▶ _EXERCISE_:
The lines to extract run from the start of the records through the line with "dbramante dbramante1928 Monaco", both ends included; drop the pictures.

[Stored items from a collection]
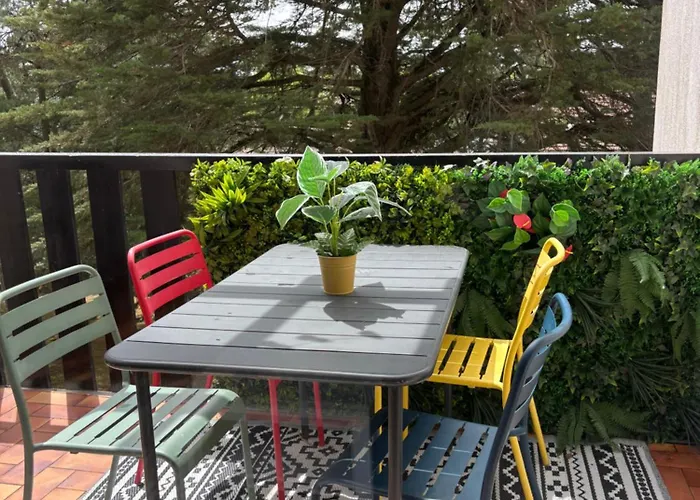 Les terrasses de la Baule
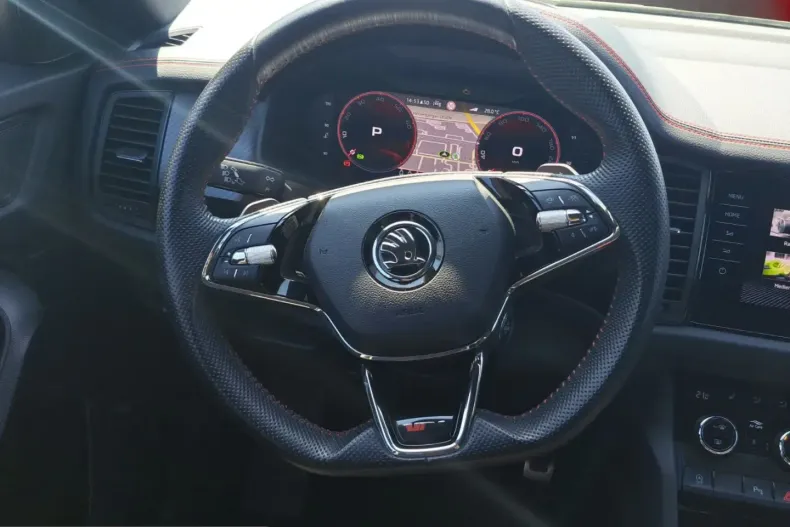 Skoda Kodiaq din 2023 cu 65.750 km - oferta SKO260716 - foto 13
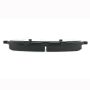 CENTRIC PARTS 106.07570 Posi Quiet Extended Wear Brake Pads with Shims and Hardware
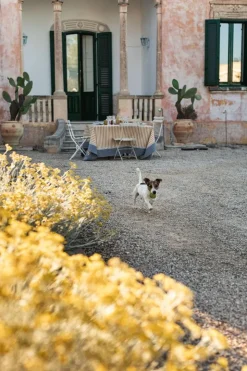 Tovaglia Riviera in Cotone +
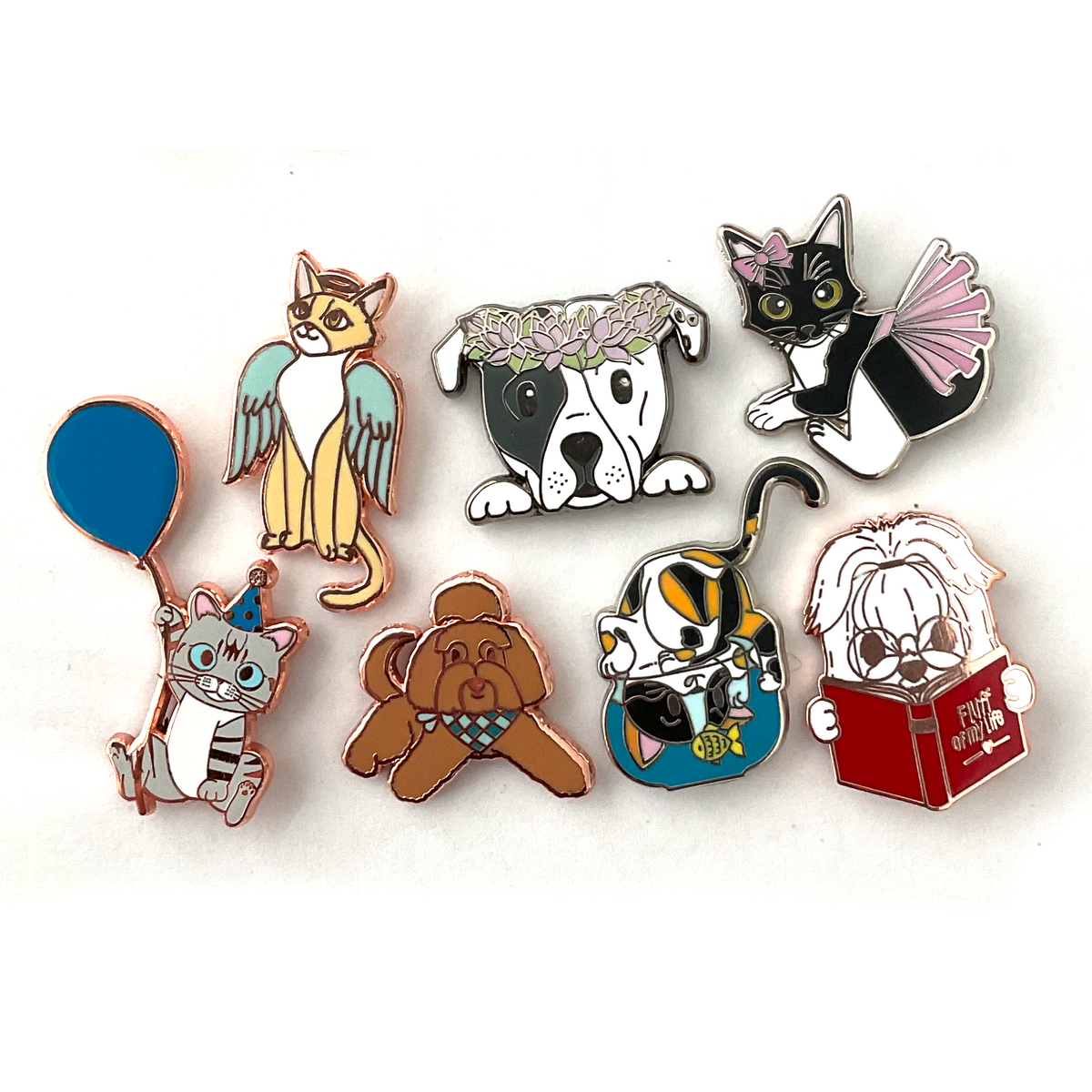 Charity Pins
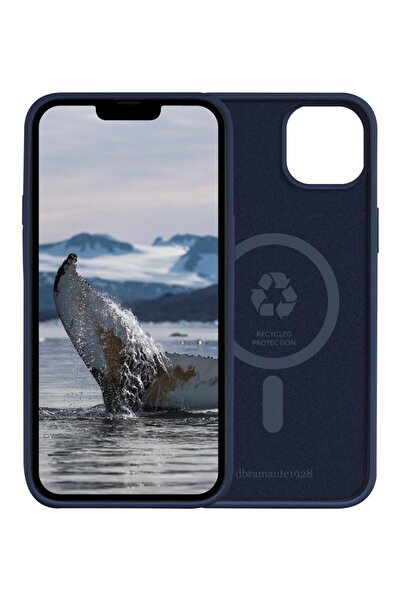 dbramante dbramante1928 Monaco iPhone 14 Max Pacific Blue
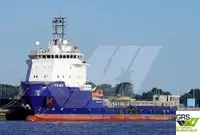 ପ୍ଲାଟଫର୍ମ ସପ୍ଲାୟ ଜାହାଜ (PSV) ବିକ୍ରୟ ପାଇଁ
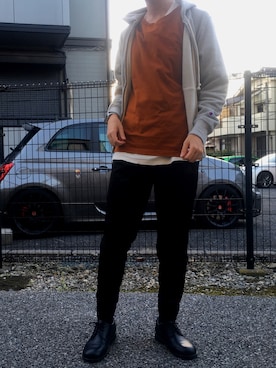 ぐるぐるさんのコーディネート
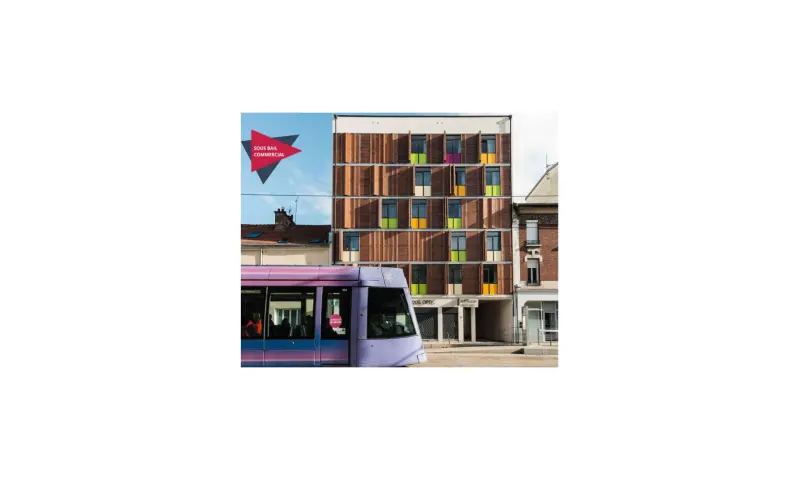 Programme immobilier à Reims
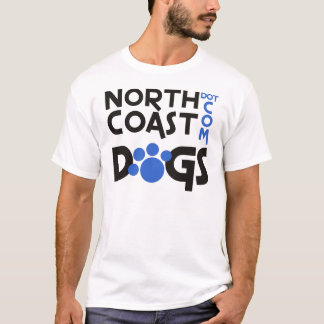 NCDの大きいロゴのTシャツ Tシャツ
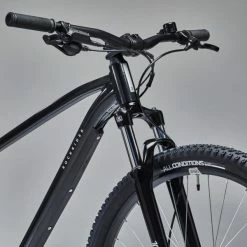 VÉLO VTT RANDONNÉE EXPLORE 500 NOIR 29" -VÉLOS VTT Soldes velo vtt randonnee explore 500 noir 29 3 600x600 1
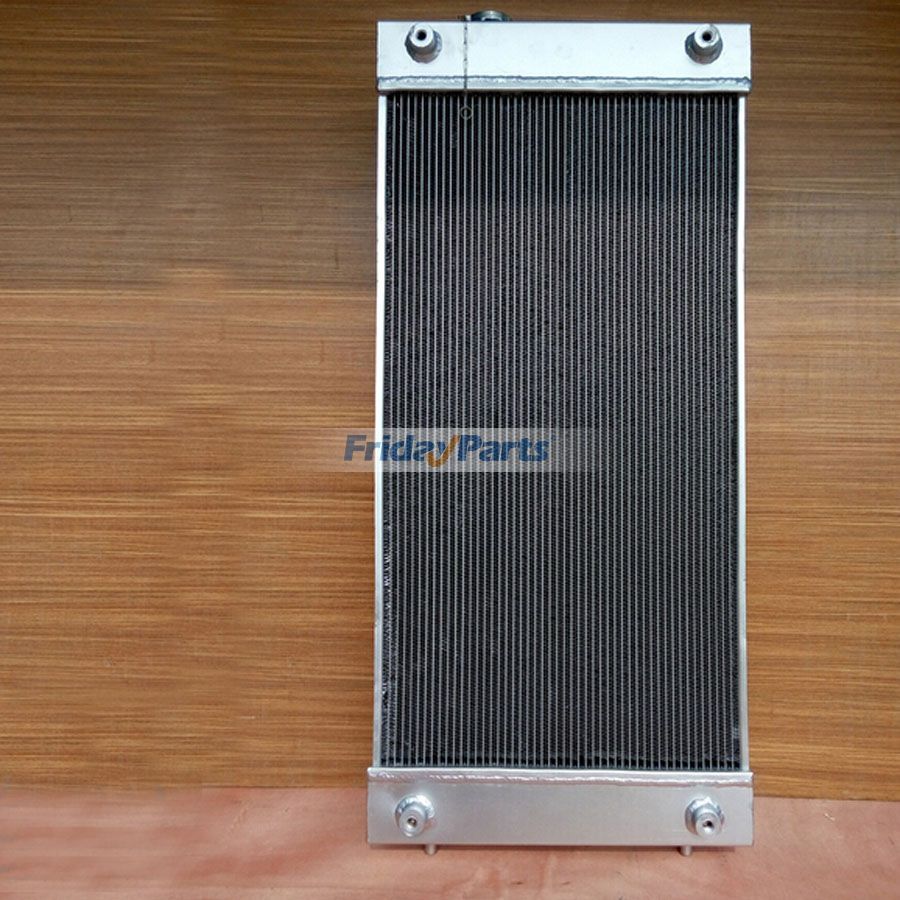 Engine,Excavator Water Tank Radiator
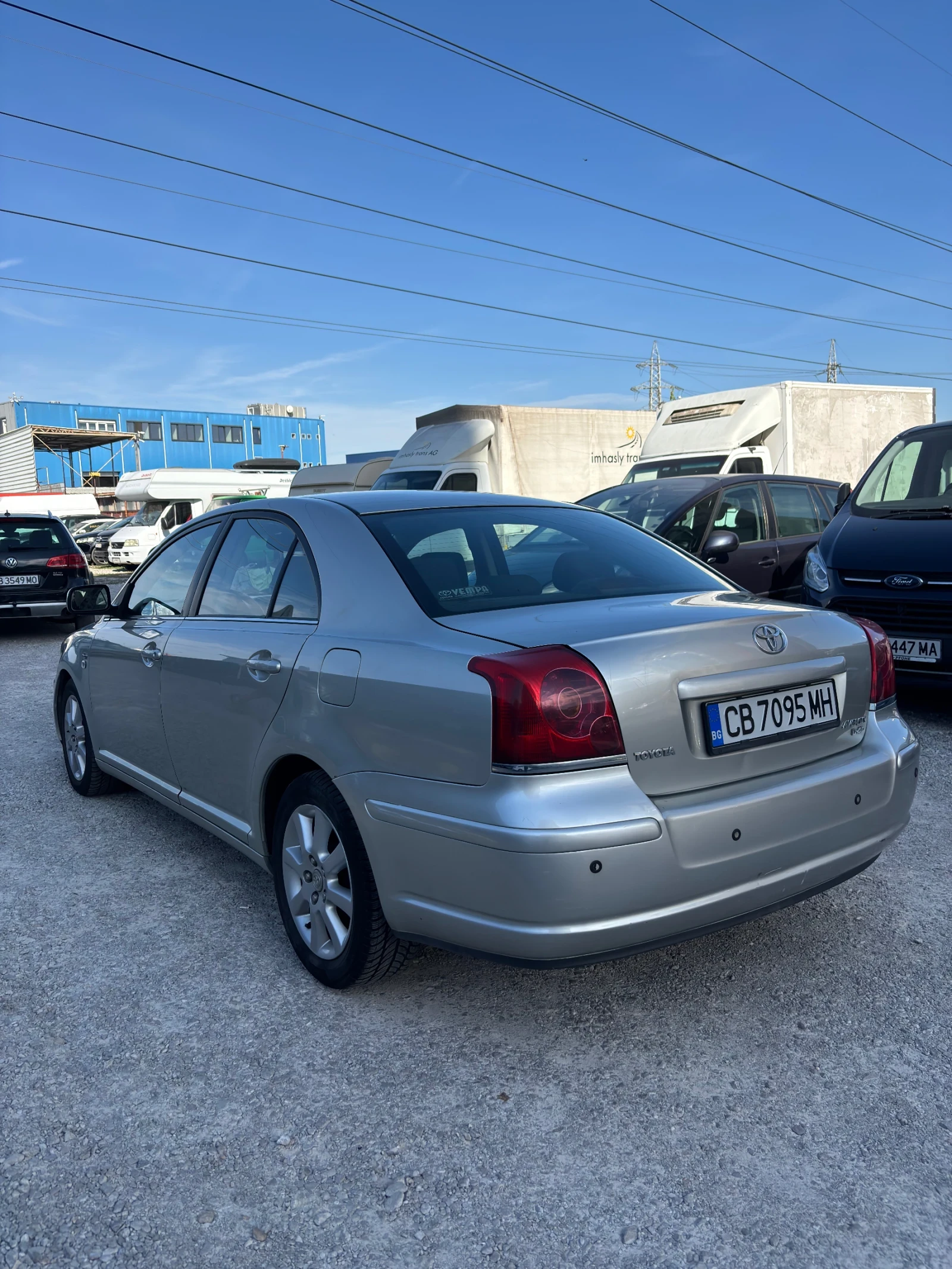 Toyota Avensis 6 ��������  | Mobile.bg � ����������� 4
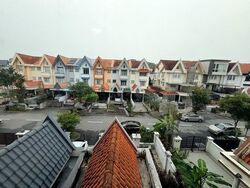 Lentor Villas (D26), Terrace #639483651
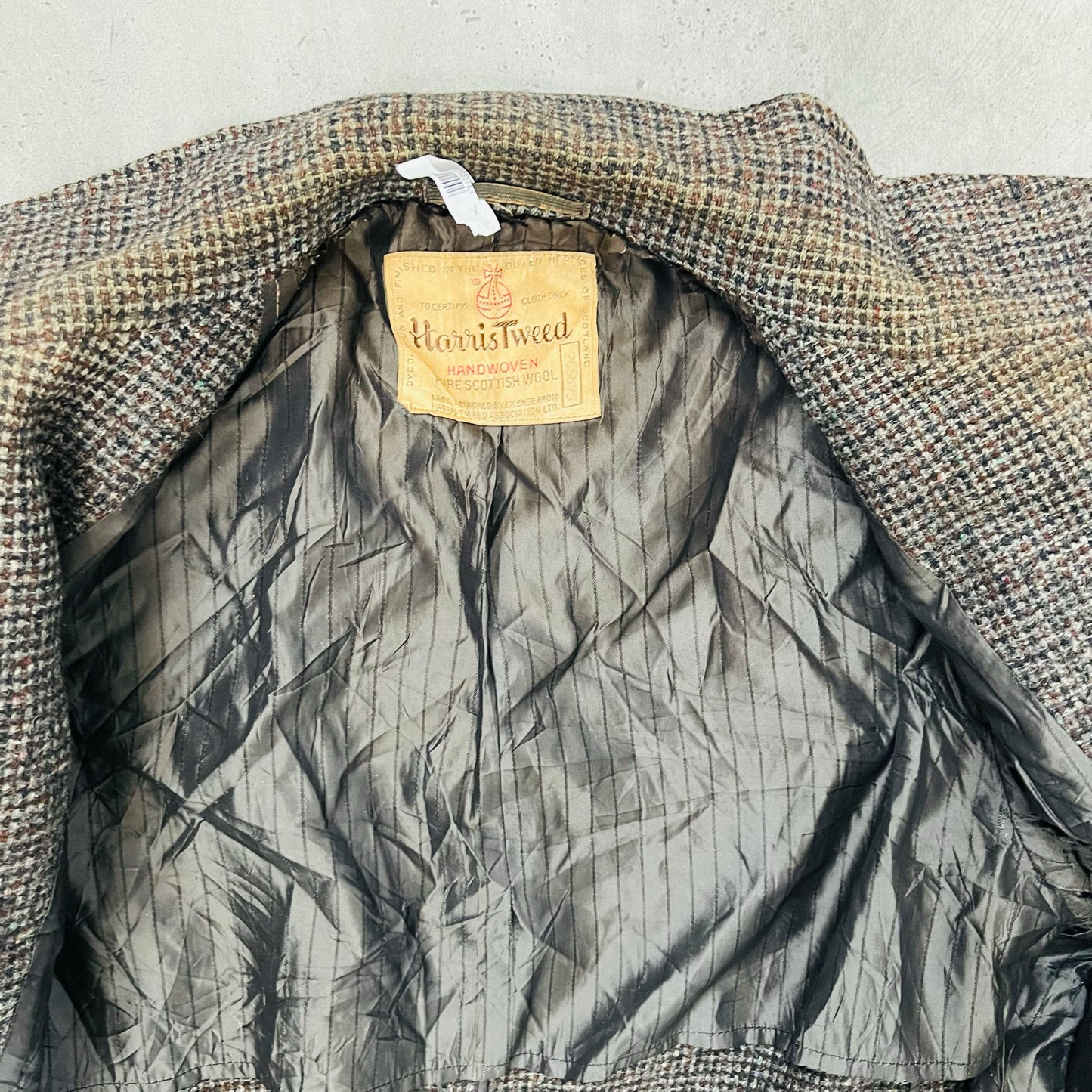Vintage Scotland Retro Coats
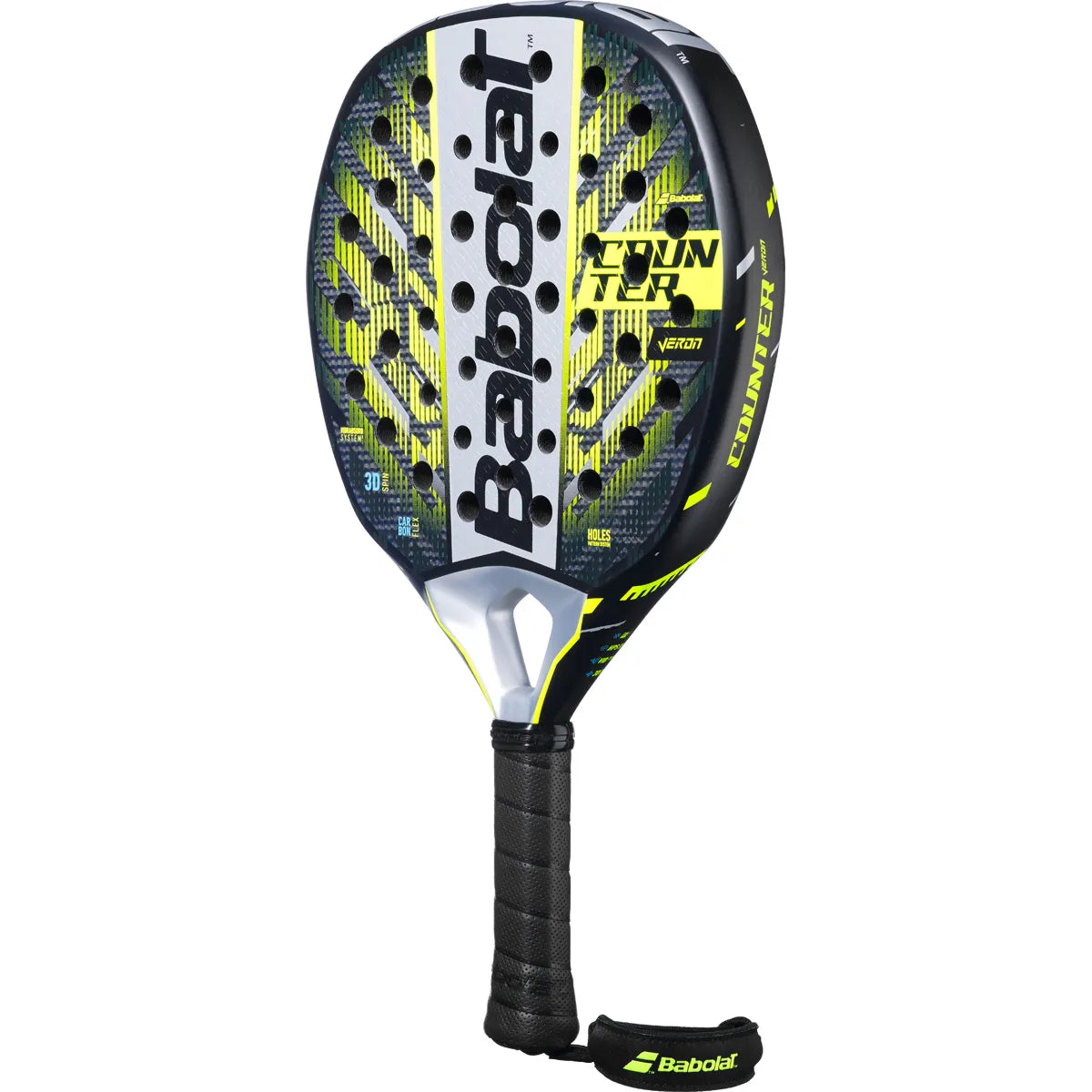 BABOLAT COUNTER VERON 2025 PADEL RACKET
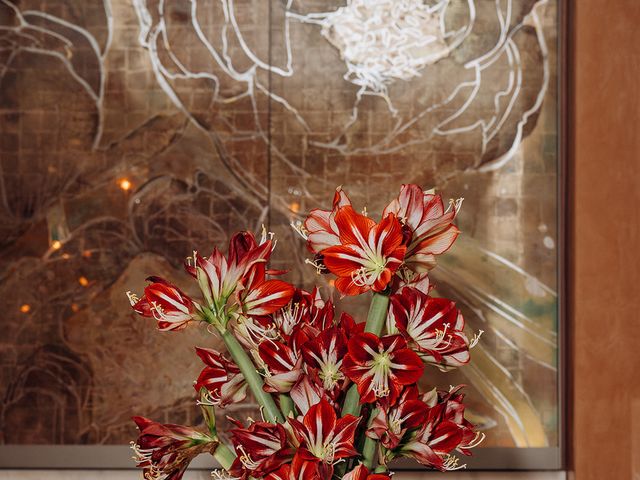 Georgio and Saadia's Wedding in Central London, South West London 74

▶ _OUTPUT BELOW_:
 Les terrasses de la Baule
 Skoda Kodiaq din 2023 cu 65.750 km - oferta SKO260716 - foto 13
 CENTRIC PARTS 106.07570 Posi Quiet Extended Wear Brake Pads with Shims and Hardware
 Tovaglia Riviera in Cotone +
 Charity Pins
 dbramante dbramante1928 Monaco iPhone 14 Max Pacific Blue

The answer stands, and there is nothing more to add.